- ACTIVITY -
Could you restate word for word each line from the top of the listing below through the line containing "EELHOE Mineral Rich"? Keep the pictures out.

- DATA RECORDS -
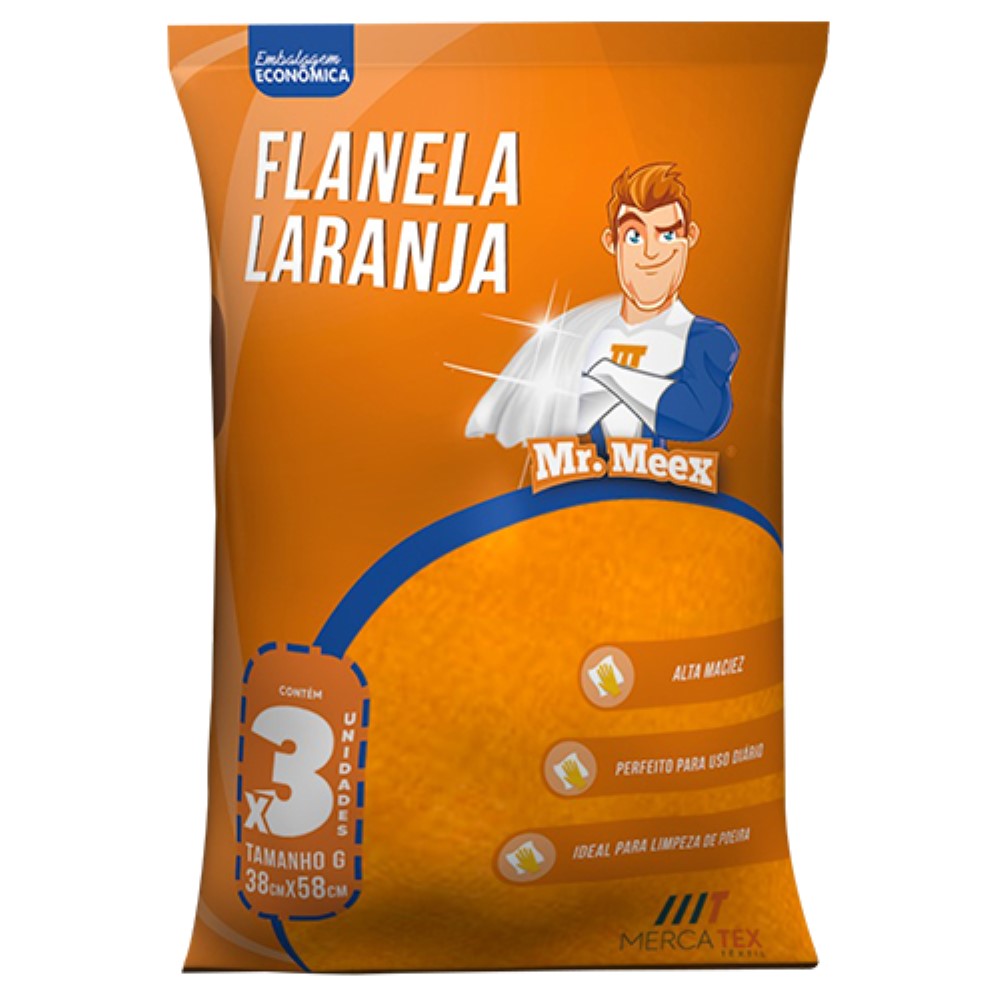 FLANELA LARANJA G 39X59CM COM 3 UNIDADES MR MEEX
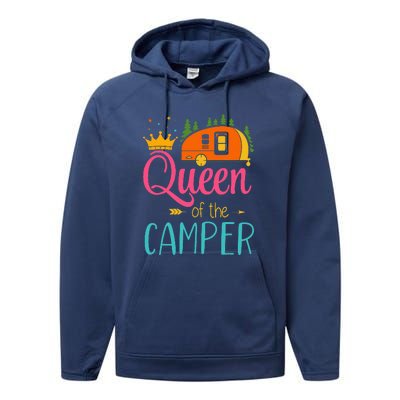 Queen Of The Camper Funny Camping Group Trip Performance Fleece Hoodie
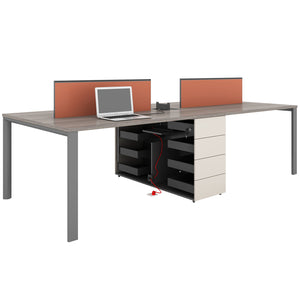VOFFOV® Cluster of 4 Workstation Desk with 4 Attached Drawers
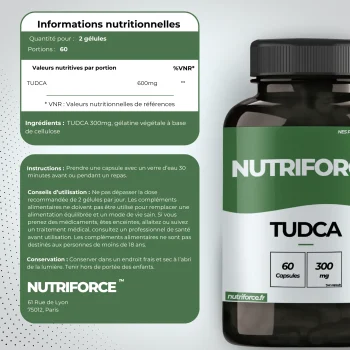 Fiche nutritionnelle du TUDCA Nutriforce disponible en pharmacie ou en livraison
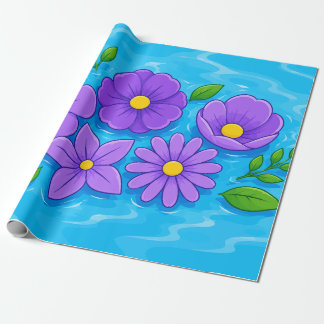 Papier Cadeau Fleurs violettes avec des feuilles vertes sur de l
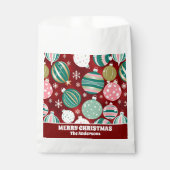 ヴィンテージレトロクリスマスオーナメントと雪 フェイバーバッグ (正面)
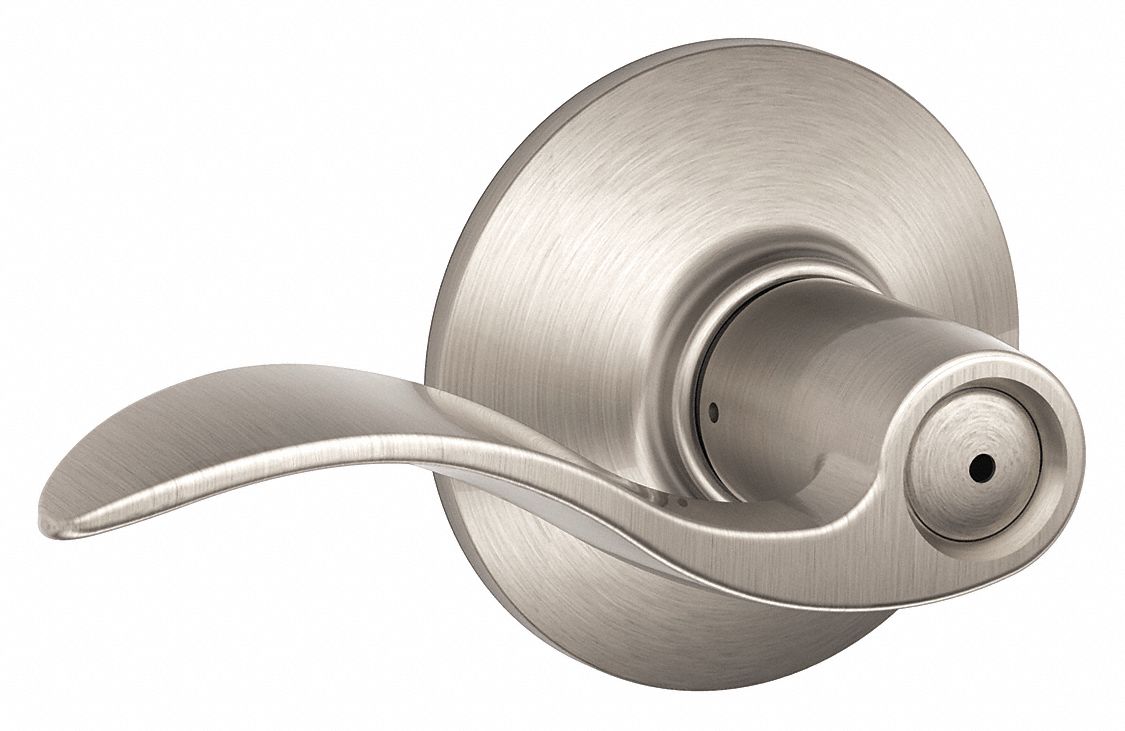 Door Lockset: Privacy Lever Locksets, Nickel, ADA Compliant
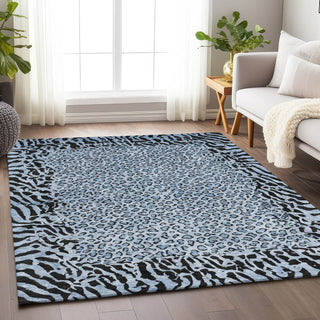 Piper Looms Chantille Animal Skin ACN1230 Blue Machine Washable Area Rug Lifestyle Image Feature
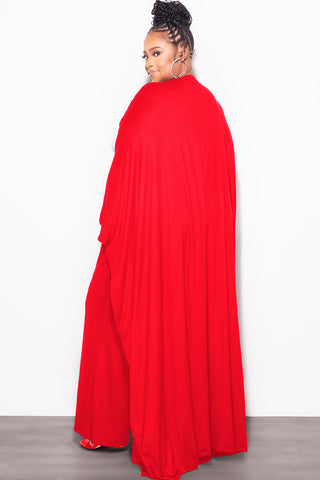 Final Sale Plus Size 2pc Kaftan and Pants Set in Red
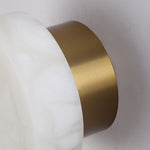 Elegant Cylindrical Alabaster Wall Light with Brass Finish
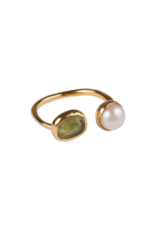 FAIRLEY PEARL AND GREEN SAPPHIRE RING SIZE 7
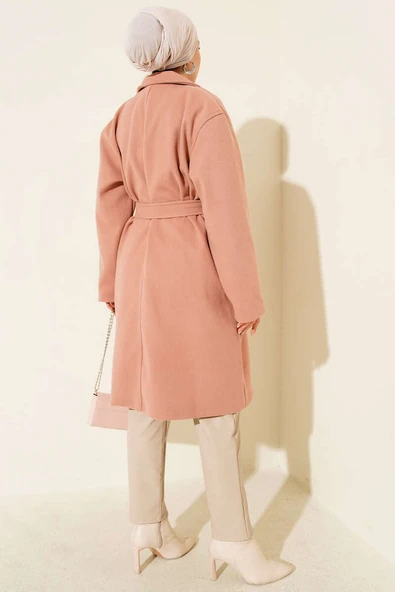 Kuşaklı Cepli Kaşe Kaban Pudra - Resim 3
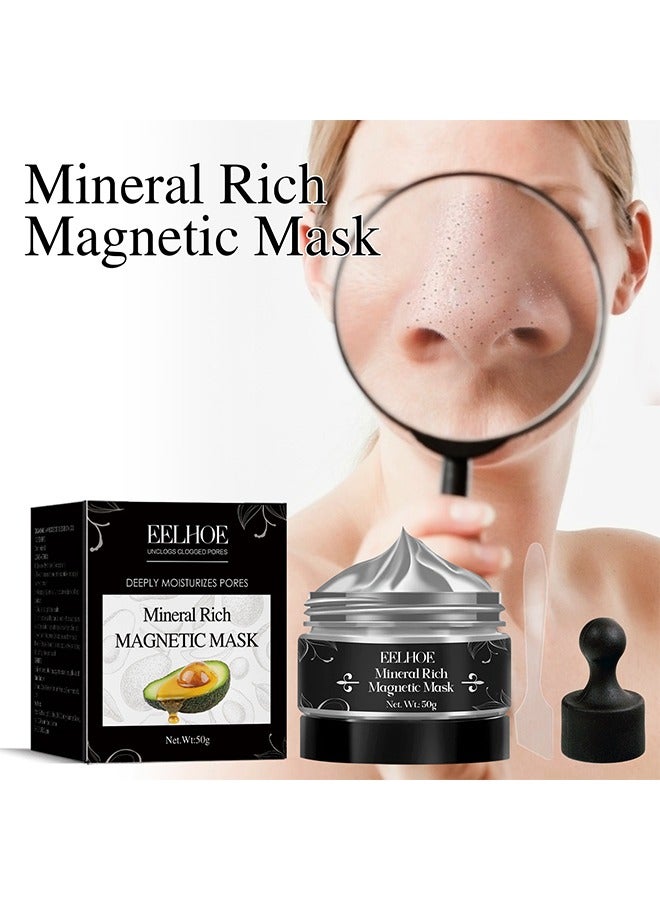 EELHOE Mineral Rich Magnetic Mask - Blackhead Remover Black Mask ，Charcoal Mask ，Blackhead Removal，Clean Pores，Peel off Mask Facial Pore Cleanser Purifying Face Mask Nose Strips 50g - Image 1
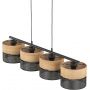 TK Lighting Nicol lampa wisząca 4x15W czarny/drewno 4802 zdj.6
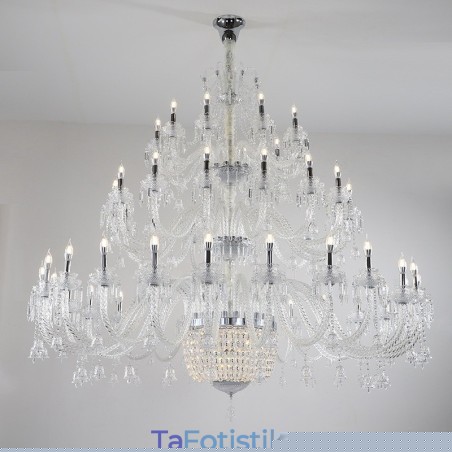 50 Light Clear Elegant Luxurious Crystal Candle Chandelier Exhibition Hal 50 Light Clear Elegant Luxurious Crystal Candle Chandelier Exhibition Hal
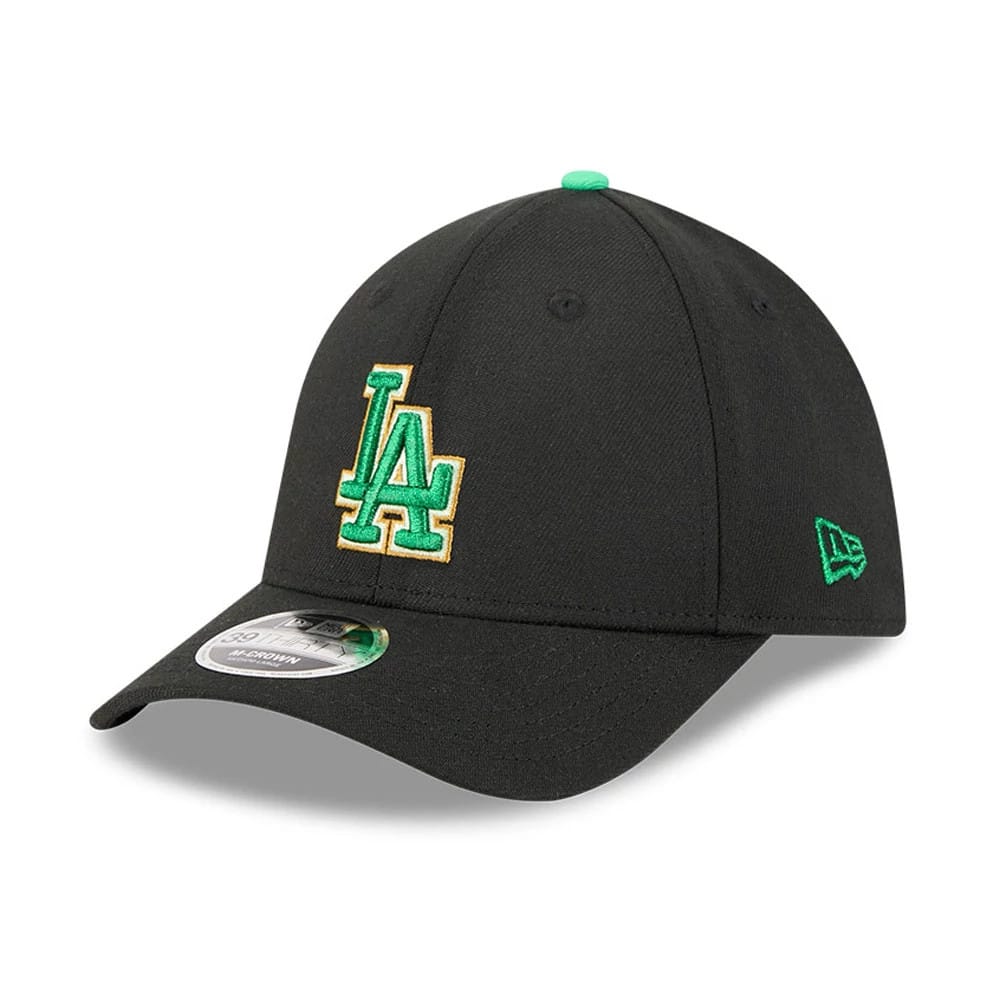 Dodgers MLB Saint Patrick's Day Black 39THIRTY M-Crown A-Frame Stretch Fit Cap-kentox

- RESPONSE TO THE TASK -
 FLANELA LARANJA G 39X59CM COM 3 UNIDADES MR MEEX
 Queen Of The Camper Funny Camping Group Trip Performance Fleece Hoodie
VOFFOV® Cluster of 4 Workstation Desk with 4 Attached Drawers
 Fiche nutritionnelle du TUDCA Nutriforce disponible en pharmacie ou en livraison
 Papier Cadeau Fleurs violettes avec des feuilles vertes sur de l
 ヴィンテージレトロクリスマスオーナメントと雪 フェイバーバッグ (正面)
 Door Lockset: Privacy Lever Locksets, Nickel, ADA Compliant
 Piper Looms Chantille Animal Skin ACN1230 Blue Machine Washable Area Rug Lifestyle Image Feature
 Final Sale Plus Size 2pc Kaftan and Pants Set in Red
 Elegant Cylindrical Alabaster Wall Light with Brass Finish
 FAIRLEY PEARL AND GREEN SAPPHIRE RING SIZE 7
 Kuşaklı Cepli Kaşe Kaban Pudra - Resim 3
 EELHOE Mineral Rich Magnetic Mask - Blackhead Remover Black Mask ，Charcoal Mask ，Blackhead Removal，Clean Pores，Peel off Mask Facial Pore Cleanser Purifying Face Mask Nose Strips 50g - Image 1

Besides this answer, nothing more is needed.